Coheed And Cambria
The Unheavenly Creatures

2018, Roadrunner Records
Alternative Rock

Recensione di Dario Fabbri - Pubblicata in data: 03/11/18

"The Unheavenly Creatures" è il titolo del nono capitolo delle avventure narrate dal frontman/fumettista Claudio Sanchez e dai suoi Coheed And Cambria. La storia è ambientata in un luogo in cui le tenebre dominano sulla luce (come descritto dall'opener "Prologue"), il che, combinato con l'artwork della copertina estremamente romantico, crea un effetto a dir poco suggestivo. E parlando di musica, il discorso diventa ben più complesso: il disco presenta una serie consistente di alti e bassi, dovuti soprattutto al fatto che la band di Sanchez ha cercato di produrre un lavoro orecchiabile e accessibile al grande pubblico, ma al contempo complesso e ricco di dettagli. Questi due elementi sono entrati in contrasto in più di un'occasione.

 

Per ciò che concerne le basi, l'impressione è che i musicisti abbiano letteralmente giocato con gli strumenti a propria disposizione, e questo è uno dei maggiori punti di forza di "The Unheavenly Creatures". Inoltre, bisogna dar merito ai nostri di aver preso spunto da una molteplicità di stili diversi: tra i più distinguibili ci sono sicuramente il glam rock à la Queen, l'arena rock, il progressive metal, e, soprattutto, il gruppo è fortemente debitore di "The Black Parade", il gioiellino dei My Chemical Romance.
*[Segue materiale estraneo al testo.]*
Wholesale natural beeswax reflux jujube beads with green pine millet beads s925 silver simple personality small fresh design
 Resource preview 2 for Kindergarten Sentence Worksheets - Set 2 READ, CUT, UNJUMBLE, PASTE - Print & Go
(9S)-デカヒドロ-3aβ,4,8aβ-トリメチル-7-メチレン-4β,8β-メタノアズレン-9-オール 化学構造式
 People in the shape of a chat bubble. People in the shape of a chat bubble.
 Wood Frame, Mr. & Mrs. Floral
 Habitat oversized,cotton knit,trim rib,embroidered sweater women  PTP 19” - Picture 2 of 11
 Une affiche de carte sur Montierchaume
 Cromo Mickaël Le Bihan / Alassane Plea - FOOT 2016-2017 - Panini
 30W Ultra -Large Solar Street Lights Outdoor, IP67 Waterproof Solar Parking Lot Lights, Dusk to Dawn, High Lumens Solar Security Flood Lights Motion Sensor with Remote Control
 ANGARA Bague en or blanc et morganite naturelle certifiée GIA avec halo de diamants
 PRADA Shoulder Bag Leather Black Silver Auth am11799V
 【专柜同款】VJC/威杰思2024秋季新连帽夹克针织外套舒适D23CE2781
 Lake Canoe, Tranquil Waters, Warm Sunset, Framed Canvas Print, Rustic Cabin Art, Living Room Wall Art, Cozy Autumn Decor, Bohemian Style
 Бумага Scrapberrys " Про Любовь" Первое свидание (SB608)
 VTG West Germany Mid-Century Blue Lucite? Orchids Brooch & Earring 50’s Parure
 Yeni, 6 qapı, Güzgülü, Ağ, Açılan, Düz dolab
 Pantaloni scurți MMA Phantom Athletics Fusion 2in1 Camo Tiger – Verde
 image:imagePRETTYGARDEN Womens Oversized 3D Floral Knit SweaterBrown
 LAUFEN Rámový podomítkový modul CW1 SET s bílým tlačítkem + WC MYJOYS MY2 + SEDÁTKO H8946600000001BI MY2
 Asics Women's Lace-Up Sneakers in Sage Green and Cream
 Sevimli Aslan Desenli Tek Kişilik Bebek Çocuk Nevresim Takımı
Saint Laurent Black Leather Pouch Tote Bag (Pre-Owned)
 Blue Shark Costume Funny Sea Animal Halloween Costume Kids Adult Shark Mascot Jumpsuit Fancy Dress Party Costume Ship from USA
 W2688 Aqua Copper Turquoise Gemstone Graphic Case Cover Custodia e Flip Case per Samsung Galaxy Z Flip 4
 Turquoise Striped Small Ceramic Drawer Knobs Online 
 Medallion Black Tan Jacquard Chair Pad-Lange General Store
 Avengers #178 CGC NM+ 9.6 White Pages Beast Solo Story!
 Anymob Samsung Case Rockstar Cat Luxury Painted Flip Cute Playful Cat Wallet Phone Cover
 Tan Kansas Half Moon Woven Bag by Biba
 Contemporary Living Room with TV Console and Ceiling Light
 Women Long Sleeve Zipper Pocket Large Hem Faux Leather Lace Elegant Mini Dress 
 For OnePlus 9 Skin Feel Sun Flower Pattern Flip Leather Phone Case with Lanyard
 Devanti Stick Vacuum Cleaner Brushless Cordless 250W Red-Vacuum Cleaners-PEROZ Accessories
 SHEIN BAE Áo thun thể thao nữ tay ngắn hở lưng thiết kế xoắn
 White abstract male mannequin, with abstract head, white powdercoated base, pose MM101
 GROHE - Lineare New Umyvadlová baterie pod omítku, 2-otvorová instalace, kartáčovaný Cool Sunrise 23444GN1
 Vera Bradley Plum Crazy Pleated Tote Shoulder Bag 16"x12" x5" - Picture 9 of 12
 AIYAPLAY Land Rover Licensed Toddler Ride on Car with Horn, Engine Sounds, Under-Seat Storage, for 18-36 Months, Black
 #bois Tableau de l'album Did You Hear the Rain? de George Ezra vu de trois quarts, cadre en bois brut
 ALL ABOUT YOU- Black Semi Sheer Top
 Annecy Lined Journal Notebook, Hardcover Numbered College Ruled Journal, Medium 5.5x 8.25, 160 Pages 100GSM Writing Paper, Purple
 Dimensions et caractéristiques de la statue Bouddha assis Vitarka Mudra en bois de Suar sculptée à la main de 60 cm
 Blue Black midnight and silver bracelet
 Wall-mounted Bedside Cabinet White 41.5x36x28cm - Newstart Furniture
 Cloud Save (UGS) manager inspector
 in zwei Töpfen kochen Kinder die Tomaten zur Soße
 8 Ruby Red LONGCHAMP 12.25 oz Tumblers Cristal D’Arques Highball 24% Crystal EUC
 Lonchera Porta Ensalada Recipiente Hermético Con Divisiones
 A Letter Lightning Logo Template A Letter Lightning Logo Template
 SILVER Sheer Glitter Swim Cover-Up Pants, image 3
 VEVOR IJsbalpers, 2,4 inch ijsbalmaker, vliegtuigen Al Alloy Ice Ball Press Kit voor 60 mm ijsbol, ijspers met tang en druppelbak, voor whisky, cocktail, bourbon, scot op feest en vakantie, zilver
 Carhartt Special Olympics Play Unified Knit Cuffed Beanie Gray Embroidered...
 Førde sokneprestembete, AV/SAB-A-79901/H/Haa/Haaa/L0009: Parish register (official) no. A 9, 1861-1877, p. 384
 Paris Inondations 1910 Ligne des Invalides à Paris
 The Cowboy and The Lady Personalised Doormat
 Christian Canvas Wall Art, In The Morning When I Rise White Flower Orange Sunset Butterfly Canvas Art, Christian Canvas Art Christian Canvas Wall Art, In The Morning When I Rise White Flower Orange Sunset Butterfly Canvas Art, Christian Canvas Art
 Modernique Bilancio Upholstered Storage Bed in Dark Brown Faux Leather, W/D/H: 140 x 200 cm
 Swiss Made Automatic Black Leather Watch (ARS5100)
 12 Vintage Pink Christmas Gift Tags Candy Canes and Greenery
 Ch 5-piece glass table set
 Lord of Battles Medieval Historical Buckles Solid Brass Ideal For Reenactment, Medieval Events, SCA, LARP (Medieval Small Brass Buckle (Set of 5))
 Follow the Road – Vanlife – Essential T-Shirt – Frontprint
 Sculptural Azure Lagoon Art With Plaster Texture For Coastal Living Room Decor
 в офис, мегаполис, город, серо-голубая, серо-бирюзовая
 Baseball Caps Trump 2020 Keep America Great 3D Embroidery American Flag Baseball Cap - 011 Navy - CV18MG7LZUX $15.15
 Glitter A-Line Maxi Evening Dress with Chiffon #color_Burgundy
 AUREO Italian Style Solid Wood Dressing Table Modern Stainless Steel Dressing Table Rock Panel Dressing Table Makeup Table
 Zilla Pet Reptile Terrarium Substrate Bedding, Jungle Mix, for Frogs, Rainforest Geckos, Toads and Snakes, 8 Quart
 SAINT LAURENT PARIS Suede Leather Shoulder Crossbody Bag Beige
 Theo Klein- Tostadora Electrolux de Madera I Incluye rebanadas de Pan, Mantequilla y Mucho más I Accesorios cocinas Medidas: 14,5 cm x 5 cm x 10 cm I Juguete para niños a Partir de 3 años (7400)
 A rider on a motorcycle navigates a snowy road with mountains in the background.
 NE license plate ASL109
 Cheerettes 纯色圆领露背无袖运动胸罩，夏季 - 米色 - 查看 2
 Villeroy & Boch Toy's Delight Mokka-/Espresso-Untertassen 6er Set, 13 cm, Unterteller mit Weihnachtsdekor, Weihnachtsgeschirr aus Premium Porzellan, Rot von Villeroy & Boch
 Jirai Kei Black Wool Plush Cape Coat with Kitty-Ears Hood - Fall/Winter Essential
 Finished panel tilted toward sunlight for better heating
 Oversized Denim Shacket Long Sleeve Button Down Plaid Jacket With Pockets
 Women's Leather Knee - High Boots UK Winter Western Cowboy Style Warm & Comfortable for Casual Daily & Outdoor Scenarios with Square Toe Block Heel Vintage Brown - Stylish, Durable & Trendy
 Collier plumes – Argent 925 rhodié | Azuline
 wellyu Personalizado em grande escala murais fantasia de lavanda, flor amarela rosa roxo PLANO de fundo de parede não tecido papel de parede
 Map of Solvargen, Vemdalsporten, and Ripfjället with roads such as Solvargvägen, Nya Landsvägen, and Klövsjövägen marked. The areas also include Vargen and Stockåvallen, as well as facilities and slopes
I riferimenti alla band di Gerard Way sono presenti in buona parte del disco, partendo dalla prima traccia cantata, "The Dark Sentencer", che è con tutta probabilità uno dei peggiori episodi del lotto, a causa di un marcato contrasto dei due elementi già citati (orecchiabilità e complessità). Paradossalmente, i brani che risultano più efficaci e meglio riusciti sono quelli che arrivano subito al punto, senza perdersi in dettagli trascurabili: per questo motivo tracce come "Toys" e l'enigmatica "Queen Of The Dark" spiccano tra quelle presenti nella prima metà del disco. Le avventure dei nostri proseguono, ma arrivati a metà si ha quasi inevitabilmente una sensazione di monotonia, alimentata dalla discreta durata del disco (quasi 80 minuti). Tra ritornelli alquanto orecchiabili (quello di "Unheavenly Creatures" su tutti) e canzoni come "Love Protocol" e "The Pavillon (A Long Way Back)", che faranno breccia nei cuori di chi ama le canzoni puramente romantiche, ci sono grandi cadute di stile come la voce robotica nelle strofe di "Night-Time Walkers", ma anche magnifiche sorprese, tra cui "The Gutter", che può essere considerata come un energico tributo ai Queen, e "It Walks Among Us", sicuramente tra le più riuscite. La sorpresa più grande, però, viene conservata per il finale. L'ending "Lucky Stars" è una ballad composta magistralmente, affatto banale: chi scrive non si vergogna di ammettere che ha fatto fatica a non commuoversi. Una perla rara sommersa in un mare di 15 canzoni.

 

Alla luce di alcune tracce, soprattutto quelle finali, viene naturale pensare che in alcuni brani la band non abbia dato il meglio di sé e che alcune canzoni si assomiglino fin troppo. Tutto questo non nega il fatto che in più occasioni la band ha mostrato tutto il proprio potenziale, offrendo alcune prove di qualità. "The Unheavenly Creatures" è tante cose: luce e buio, gioia e rabbia, tecnica e melodia, una storia dai mille aspetti, tutti da scoprire.